The Suburban Experiment, Explained

I have been an enthusiastic adopter of the term “suburban experiment” after having following the magnificent work that Strong Towns does up in Minnesota. But it came to my attention that I have not fully explained it and applied it here in Chicago.  So, I’d like to take a step back. Of course, since I did not invent the term, it’s best to direct you to the primary source. Chuck Marohn’s seminal articles on the suburban experiment note that:

“our post-World War II pattern of development — operates like a classic Ponzi scheme, with ever-increasing rates of growth necessary to sustain long-term liabilities.”

Meaning essentially that this form of development cannot fiscally sustain itself over more than one life cycle without  more growth to pay off previous liabilities.  Essentially, all of the infrastructure that supports the inefficient development pattern that is modern suburbia, the huge investment in roads and utilities to support sparsely dense areas, does not make economic sense after one life cycle.

We’re already seeing this today.

You know we can’t support our towns and cities when roads turn to gravel, when bridges collapse, streetlights get turned off and park districts, schools and municipal budgets are slashed despite ever rising taxes.

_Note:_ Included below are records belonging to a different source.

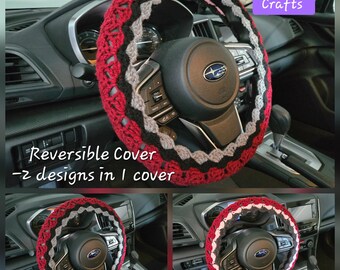 Crochet Steering Wheel Cover Reversible - 2 designs in 1 cover | Washable Acrylic Car Decor | Ready to Ship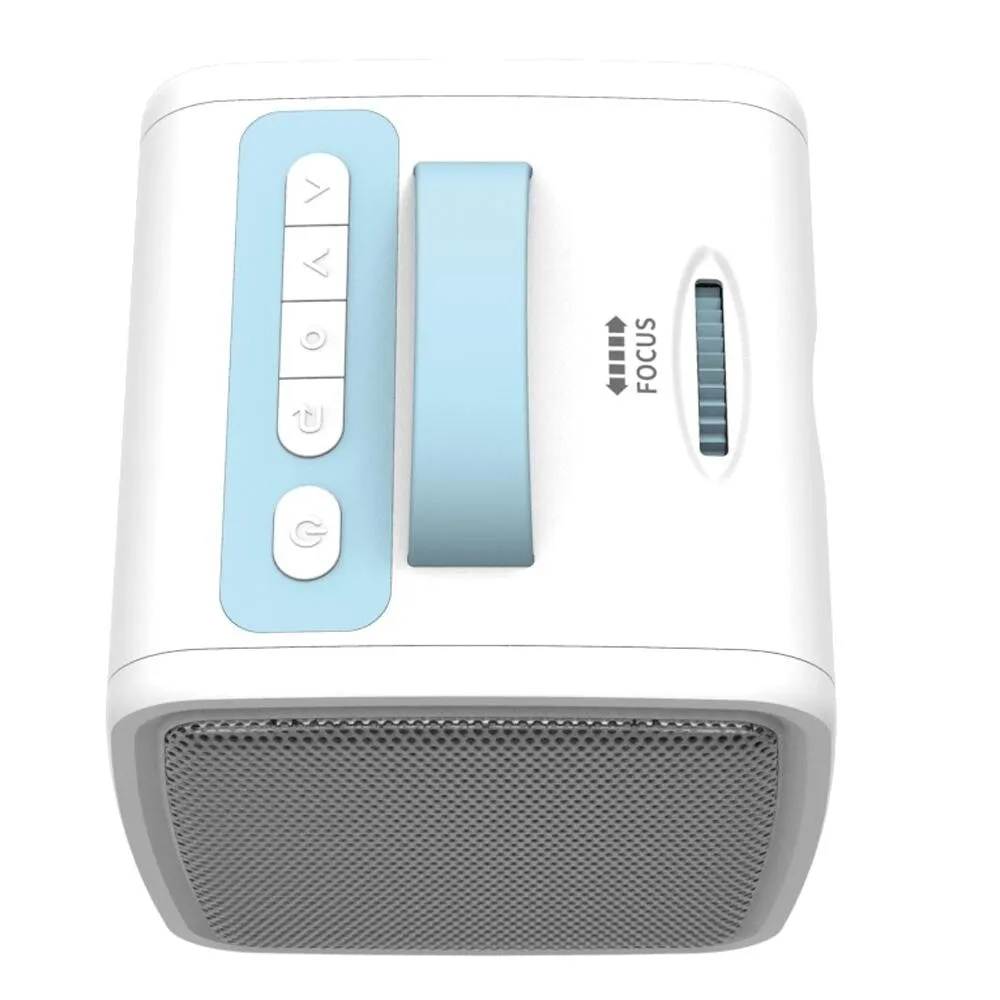 10W Children Video Projector | 30 Lumens | HD 1080P | LCD Technology | Supports AV, USB, Mini SD, HDMI, Audio | White | Pink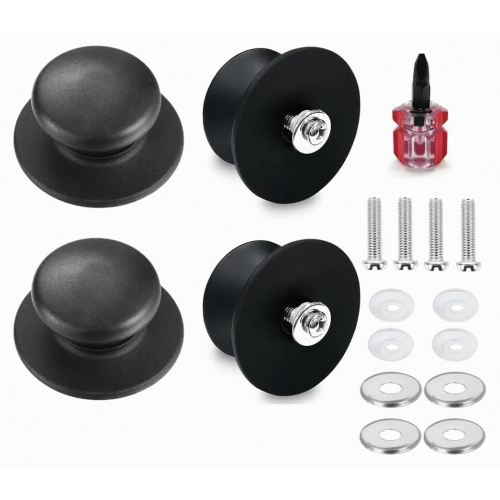 4 Pack Universal Bakelite Pot Lid Knobs with Screws, Black Durable Replacement Knobs for Pot Lids and Casseroles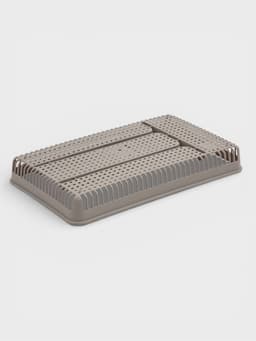 Лоток под столовые приборы Доляна, 4 отделения, 29.5×18×4 см, пластик, серый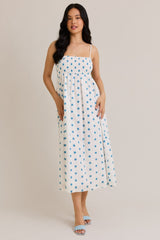 White Floral Smocked Sleeveless Maternity Midi Dress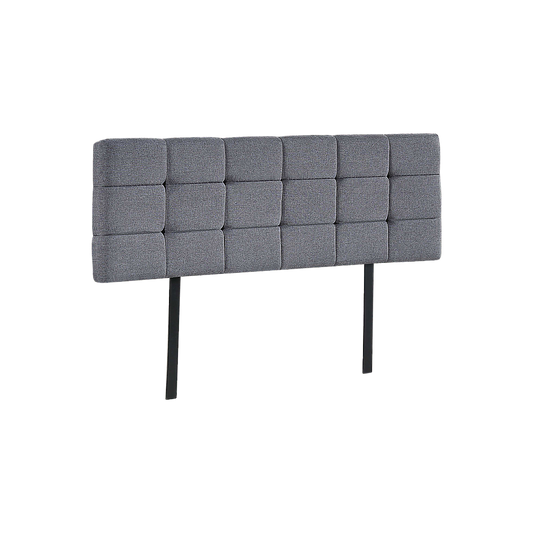 Linen Fabric Queen Bed Deluxe Headboard Bedhead - Grey - Cosy Abode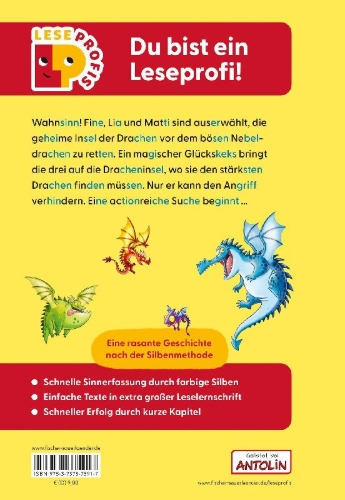 Buchcover und Innenansicht für das Buch: Leseprofis - Silbe-für-Silbe: Das Geheimnis der Dracheninsel, 1. Klasse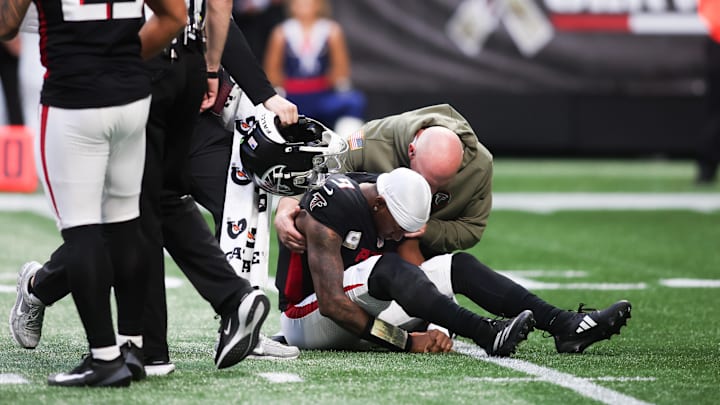 Michael Penix Jr. left Sunday's Falcons game with a knee injury. Michael Penix Jr. left Sunday's Falcons game with a knee injury.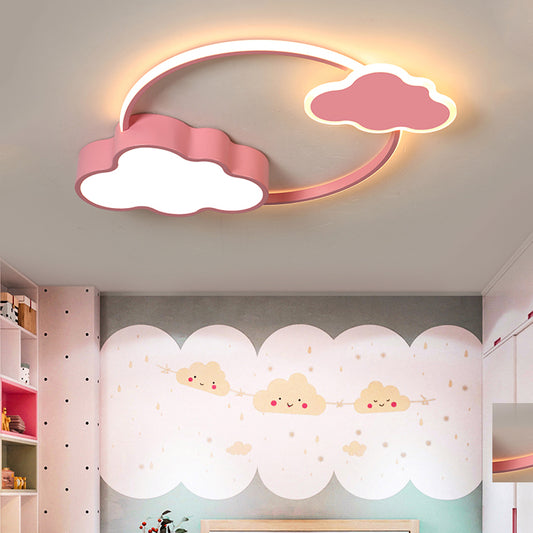 Pink/White Ring Flush Light Modern Stylish LED Aluminum and Acrylic Flush Mount Lighting with Bowknot/Cloud Decoration Clearhalo 'Ceiling Lights' 'Close To Ceiling Lights' 'Close to ceiling' 'Flush mount' Lighting' 216928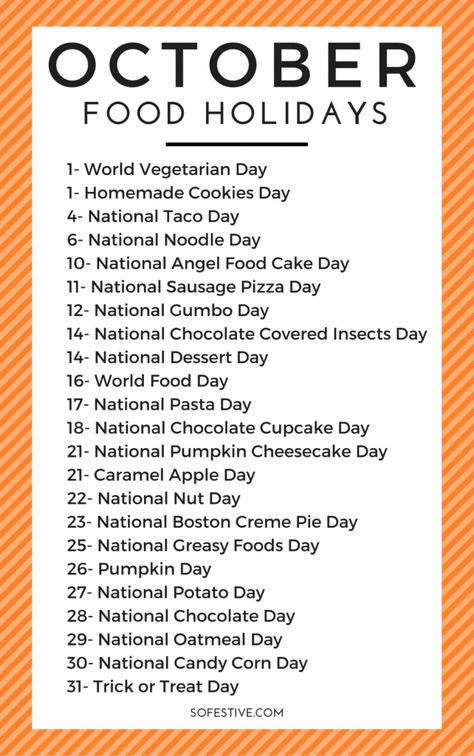 Monthly Holidays, National Holiday Calendar, October Food, Silly Holidays, National Dessert Day, World Vegetarian Day, Monthly Celebration, October Holidays, Food Holidays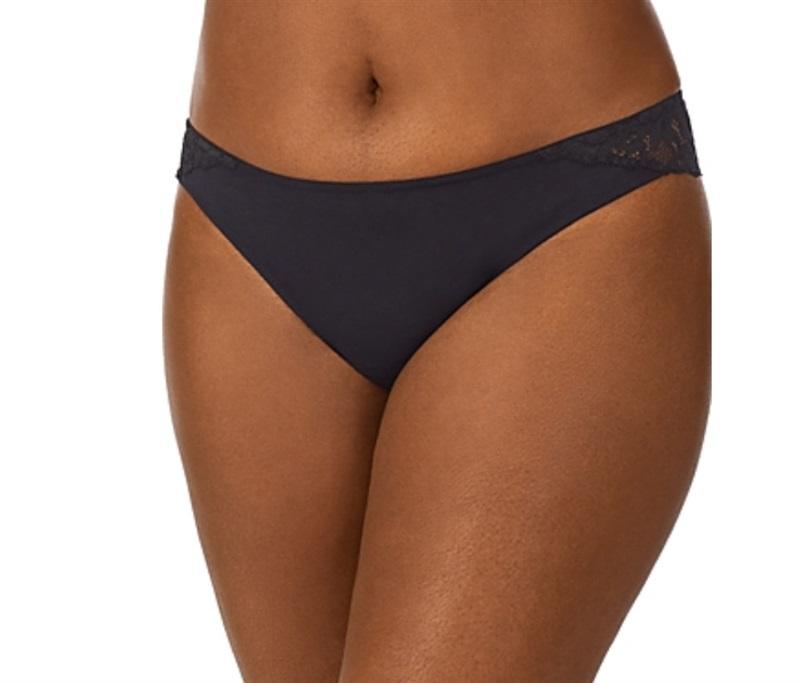 NWT Le Mystere XL Satin & Mesh Thong 8816 Black 119485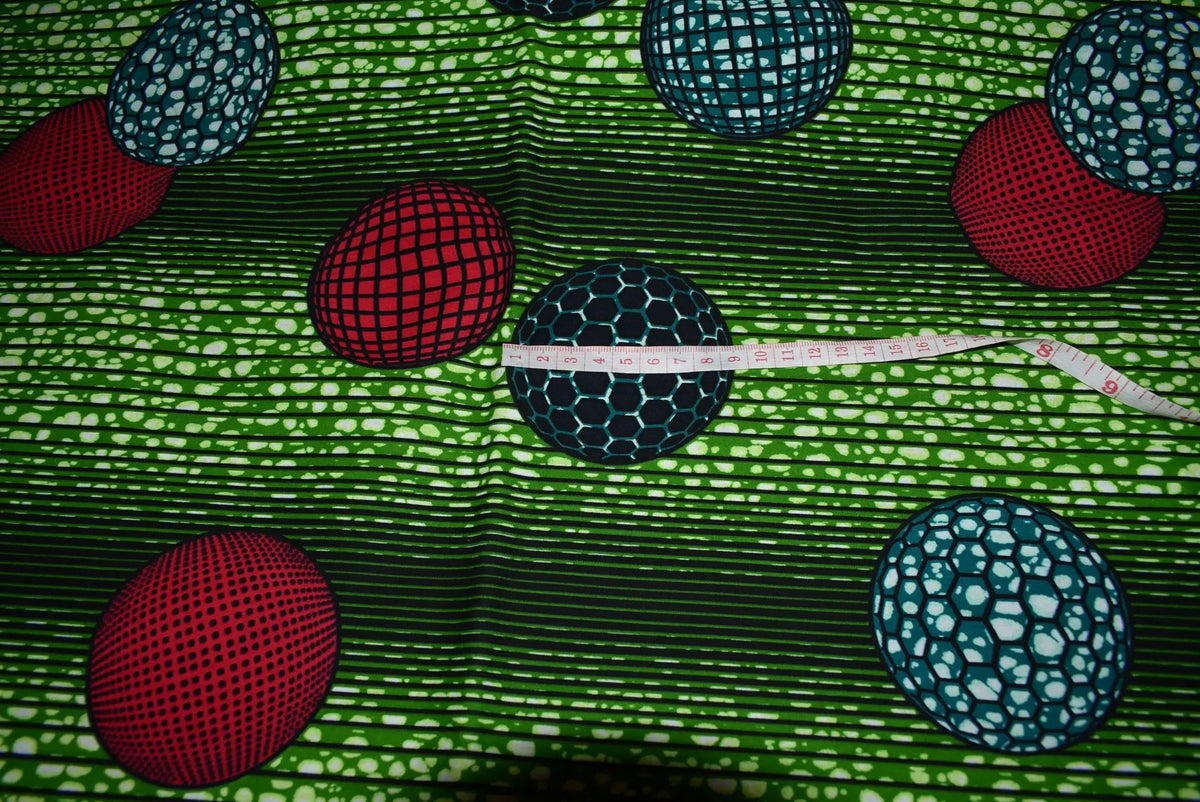 Multicolour African Print Fabric, Ankara Wax Fabric, Ball Detail Ankara Cotton 6 Yards, Ankara Wax Print Shop by Clarissas Boutique London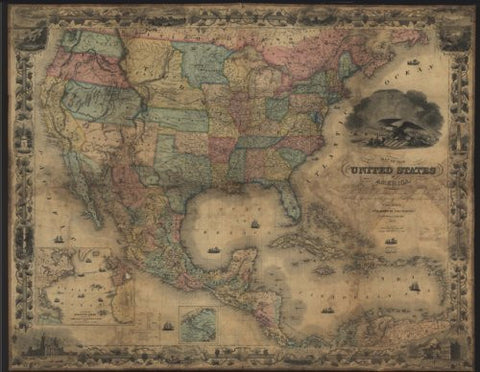 1857 USA, British Provinces, Mexico, W. Indies, & Central America w/part of New Grenada & Venezuela (Paper/Non-Laminated) - Wide World Maps & MORE!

It means that we’re not allocating our resources efficiently, that maybe the great wealth this country has had has been spent towards a pattern of development that just cannot sustain itself.

 

 

 

Comments

  1. hardawan bayu says

    efficiency in developments, :) crucial thing that i don’t even know how to start saying about it. but your post ignite positive thoughts about managing things we’ve already have. nice

    • says

      Thanks. It’s becoming more and more difficult to manage what we already have which means we need to start making smart decisions now about what kinds of places we want to have in the future given our resources.

    • says

      Funny enough, I think what will be next will be what has already come. A return to development patterns before WWII. And this isn’t necessarily a bad thing. Humans throughout history living in towns and cities have lived close to one another. The last 60 years have been an aberration in terms of town planning. As to the following next, who can say? Let’s just hope we’re using all of our available resources into making things right the first time.

  2. says

    I can’t agree more. Cities all over North America are losing their way, and band-aid solutions just won’t do. In Toronto, we have year-round construction and it causes endless gridlock. You need to be a mountain goat just to get around! More long-term planning is needed but do we have the politicians with the vision to see it? We can only hope.

    • says

      I don’t know if we have the politicians to do it. Rather, is there a will to change from among the people? So for people in cities, particularly in North America, we need to look at how we are building things and whether this makes sense for the future.

      As for Toronto, I was there many years ago, but from the planners I have met from Toronto and the projects I have seen, it would appear that Toronto is light years ahead of most other North American cities in terms of building a quality place. For better or worse. But from what I’ve seen, I think it would be a pleasant place to live.

  3. Mark Brody says

    Interesting read. I guess as growth becomes even more unsustainable, then ghost towns are created. What used to be blips on maps, become flatlines with no names to associate their past with their present.

    Thank you for sharing!

  4. Mary Slagel says

    I believe this is very interesting to think about especially in recent times when the housing market did take such a downturn and there are entire neighborhoods left half built with out any residents and entire neighborhoods planned out with streets but lack any structures. It’s bizarre to look at or even think of entire towns abandoned but they are. People always joke about a zombie apocalypse but if you look at some of these places, you would think it already has.

    • says

      Yes, totally true especially at the far ends of most metro areas, not to mention big chunks of Las Vegas, for example. I think it will take a very long time for those areas to rebound.

  5. says

    To me the issue with suburbs is that they age poorly, and when they do they are locked because the best renewal device would be to flatten them and start over with all new roads, houses, and shops, but because an older generation has already bought in it’s too expensive to operate like that.

    • says

      You’re exactly right. Suburbs do age poorly. Look at the ones built right after WWII. For the most part, they look terrible. They are also locked because the infrastructure has already been put into place. It’s fairly difficult to retrofit suburbs to more sustainable urban forms when you have to relocate all of that infrastructure.